• **DESCRIPTION OF THE TASK**
Take the line that contains "AKNOTIC 男士宽松圆领落肩长袖休闲镂空刺绣卫衣 - 白色 - 查看 9" in the data below and each line after it, through the last, and repeat them unchanged.

[Items listed in a dataset]
════════════════
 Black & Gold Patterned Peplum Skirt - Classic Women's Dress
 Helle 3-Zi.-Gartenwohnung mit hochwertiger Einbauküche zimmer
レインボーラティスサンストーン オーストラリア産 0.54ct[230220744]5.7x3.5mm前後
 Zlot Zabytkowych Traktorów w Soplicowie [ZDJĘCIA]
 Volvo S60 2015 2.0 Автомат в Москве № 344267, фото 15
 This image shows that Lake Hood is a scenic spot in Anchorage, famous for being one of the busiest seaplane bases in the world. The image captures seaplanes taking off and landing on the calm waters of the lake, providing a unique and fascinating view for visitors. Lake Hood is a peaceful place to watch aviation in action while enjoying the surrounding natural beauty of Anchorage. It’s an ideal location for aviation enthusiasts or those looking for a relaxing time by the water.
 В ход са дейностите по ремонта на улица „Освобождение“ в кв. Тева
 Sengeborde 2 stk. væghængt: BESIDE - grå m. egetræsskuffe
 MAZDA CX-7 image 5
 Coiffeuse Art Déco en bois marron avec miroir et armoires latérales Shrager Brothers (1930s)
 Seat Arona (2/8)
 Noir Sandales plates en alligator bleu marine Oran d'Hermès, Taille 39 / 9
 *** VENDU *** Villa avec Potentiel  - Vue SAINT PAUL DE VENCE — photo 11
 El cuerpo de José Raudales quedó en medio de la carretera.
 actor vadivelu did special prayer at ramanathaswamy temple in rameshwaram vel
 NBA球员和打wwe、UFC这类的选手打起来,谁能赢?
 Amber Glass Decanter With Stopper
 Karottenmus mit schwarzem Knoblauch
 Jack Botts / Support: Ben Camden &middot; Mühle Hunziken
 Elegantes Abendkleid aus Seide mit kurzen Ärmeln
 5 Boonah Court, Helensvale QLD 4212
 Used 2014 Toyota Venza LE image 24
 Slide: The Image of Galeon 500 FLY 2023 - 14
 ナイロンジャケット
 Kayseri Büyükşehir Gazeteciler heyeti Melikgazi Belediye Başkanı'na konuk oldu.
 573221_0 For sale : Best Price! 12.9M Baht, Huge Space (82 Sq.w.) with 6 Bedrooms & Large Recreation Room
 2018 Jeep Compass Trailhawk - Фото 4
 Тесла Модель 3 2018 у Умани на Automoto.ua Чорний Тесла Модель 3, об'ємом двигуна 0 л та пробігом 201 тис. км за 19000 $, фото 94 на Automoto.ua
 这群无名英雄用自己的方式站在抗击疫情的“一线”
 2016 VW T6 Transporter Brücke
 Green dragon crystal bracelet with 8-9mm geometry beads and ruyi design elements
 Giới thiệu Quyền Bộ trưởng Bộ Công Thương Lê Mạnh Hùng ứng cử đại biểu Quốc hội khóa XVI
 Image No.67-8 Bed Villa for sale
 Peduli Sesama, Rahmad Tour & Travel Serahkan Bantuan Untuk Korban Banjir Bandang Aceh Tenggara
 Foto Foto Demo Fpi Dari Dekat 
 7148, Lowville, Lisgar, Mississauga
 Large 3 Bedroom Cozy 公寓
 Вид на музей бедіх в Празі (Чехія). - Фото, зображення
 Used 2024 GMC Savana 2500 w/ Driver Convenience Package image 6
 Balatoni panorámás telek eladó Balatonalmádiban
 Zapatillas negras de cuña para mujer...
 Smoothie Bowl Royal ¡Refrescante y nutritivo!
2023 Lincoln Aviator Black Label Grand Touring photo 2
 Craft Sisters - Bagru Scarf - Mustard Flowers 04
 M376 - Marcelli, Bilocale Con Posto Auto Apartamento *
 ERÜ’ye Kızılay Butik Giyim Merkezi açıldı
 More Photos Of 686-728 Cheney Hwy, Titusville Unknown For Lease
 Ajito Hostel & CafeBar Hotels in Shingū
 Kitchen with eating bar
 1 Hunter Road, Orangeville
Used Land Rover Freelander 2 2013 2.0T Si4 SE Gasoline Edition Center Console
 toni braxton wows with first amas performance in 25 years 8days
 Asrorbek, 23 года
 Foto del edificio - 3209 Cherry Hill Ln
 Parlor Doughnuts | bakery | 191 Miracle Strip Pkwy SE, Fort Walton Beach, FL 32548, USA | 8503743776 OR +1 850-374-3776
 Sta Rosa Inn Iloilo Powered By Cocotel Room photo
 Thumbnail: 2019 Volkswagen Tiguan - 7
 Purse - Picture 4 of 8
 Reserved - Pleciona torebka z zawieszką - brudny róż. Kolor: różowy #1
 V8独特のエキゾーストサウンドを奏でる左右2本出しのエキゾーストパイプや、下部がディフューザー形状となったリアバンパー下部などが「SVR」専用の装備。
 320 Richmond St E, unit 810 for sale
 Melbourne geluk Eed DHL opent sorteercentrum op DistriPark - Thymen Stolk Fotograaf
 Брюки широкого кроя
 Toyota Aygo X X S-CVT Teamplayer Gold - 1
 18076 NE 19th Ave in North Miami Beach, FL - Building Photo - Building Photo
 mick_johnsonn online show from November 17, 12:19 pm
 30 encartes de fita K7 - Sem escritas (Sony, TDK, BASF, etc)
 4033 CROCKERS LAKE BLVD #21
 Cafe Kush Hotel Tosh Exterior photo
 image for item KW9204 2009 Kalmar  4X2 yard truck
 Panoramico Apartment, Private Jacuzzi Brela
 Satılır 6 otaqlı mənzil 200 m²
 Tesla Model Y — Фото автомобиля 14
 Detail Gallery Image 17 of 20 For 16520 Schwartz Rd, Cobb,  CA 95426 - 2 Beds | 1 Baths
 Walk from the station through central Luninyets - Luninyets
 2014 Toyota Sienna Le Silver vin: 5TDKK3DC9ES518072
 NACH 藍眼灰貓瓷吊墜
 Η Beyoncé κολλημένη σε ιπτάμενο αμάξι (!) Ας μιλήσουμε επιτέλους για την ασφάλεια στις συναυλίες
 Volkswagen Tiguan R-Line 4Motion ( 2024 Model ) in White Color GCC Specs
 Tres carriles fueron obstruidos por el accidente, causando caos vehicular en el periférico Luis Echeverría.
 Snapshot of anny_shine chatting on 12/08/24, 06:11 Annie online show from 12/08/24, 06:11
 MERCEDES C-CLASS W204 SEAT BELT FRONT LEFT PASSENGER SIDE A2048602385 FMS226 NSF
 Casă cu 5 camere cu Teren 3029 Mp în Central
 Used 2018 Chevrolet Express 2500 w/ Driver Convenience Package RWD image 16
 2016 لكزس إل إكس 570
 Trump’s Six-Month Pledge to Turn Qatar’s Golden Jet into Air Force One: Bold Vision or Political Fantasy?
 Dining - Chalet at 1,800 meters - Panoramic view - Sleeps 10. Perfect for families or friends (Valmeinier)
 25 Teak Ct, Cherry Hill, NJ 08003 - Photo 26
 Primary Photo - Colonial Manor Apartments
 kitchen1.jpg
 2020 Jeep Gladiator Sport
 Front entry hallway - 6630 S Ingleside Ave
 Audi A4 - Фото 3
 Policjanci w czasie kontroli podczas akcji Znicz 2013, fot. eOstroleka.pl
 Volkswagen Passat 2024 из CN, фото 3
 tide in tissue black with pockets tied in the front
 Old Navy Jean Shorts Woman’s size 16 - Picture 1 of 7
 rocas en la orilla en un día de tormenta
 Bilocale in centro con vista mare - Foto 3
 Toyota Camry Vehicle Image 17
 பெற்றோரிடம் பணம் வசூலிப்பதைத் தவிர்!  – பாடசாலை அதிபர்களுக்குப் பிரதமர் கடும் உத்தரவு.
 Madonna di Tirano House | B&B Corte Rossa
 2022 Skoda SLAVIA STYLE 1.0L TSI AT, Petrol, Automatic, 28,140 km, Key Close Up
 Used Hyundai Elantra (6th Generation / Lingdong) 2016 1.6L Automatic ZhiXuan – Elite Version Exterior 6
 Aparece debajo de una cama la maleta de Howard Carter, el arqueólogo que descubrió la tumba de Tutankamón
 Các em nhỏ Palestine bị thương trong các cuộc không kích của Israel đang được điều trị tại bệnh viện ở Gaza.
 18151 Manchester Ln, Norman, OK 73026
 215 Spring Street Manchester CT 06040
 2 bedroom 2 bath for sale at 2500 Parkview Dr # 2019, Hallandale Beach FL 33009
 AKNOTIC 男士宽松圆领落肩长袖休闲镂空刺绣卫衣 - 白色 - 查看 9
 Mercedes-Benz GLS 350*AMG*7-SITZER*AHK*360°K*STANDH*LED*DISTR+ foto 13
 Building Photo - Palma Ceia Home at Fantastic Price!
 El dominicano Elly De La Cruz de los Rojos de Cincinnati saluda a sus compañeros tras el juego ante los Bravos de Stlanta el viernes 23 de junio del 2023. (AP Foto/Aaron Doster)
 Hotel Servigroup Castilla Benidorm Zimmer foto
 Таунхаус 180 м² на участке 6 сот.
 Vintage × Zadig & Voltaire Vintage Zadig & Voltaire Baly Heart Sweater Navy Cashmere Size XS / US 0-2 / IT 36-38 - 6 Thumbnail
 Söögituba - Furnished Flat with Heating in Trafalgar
════════════════
• **TASK SOLUTION**
 AKNOTIC 男士宽松圆领落肩长袖休闲镂空刺绣卫衣 - 白色 - 查看 9
 Mercedes-Benz GLS 350*AMG*7-SITZER*AHK*360°K*STANDH*LED*DISTR+ foto 13
 Building Photo - Palma Ceia Home at Fantastic Price!
 El dominicano Elly De La Cruz de los Rojos de Cincinnati saluda a sus compañeros tras el juego ante los Bravos de Stlanta el viernes 23 de junio del 2023. (AP Foto/Aaron Doster)
 Hotel Servigroup Castilla Benidorm Zimmer foto
 Таунхаус 180 м² на участке 6 сот.
 Vintage × Zadig & Voltaire Vintage Zadig & Voltaire Baly Heart Sweater Navy Cashmere Size XS / US 0-2 / IT 36-38 - 6 Thumbnail
 Söögituba - Furnished Flat with Heating in Trafalgar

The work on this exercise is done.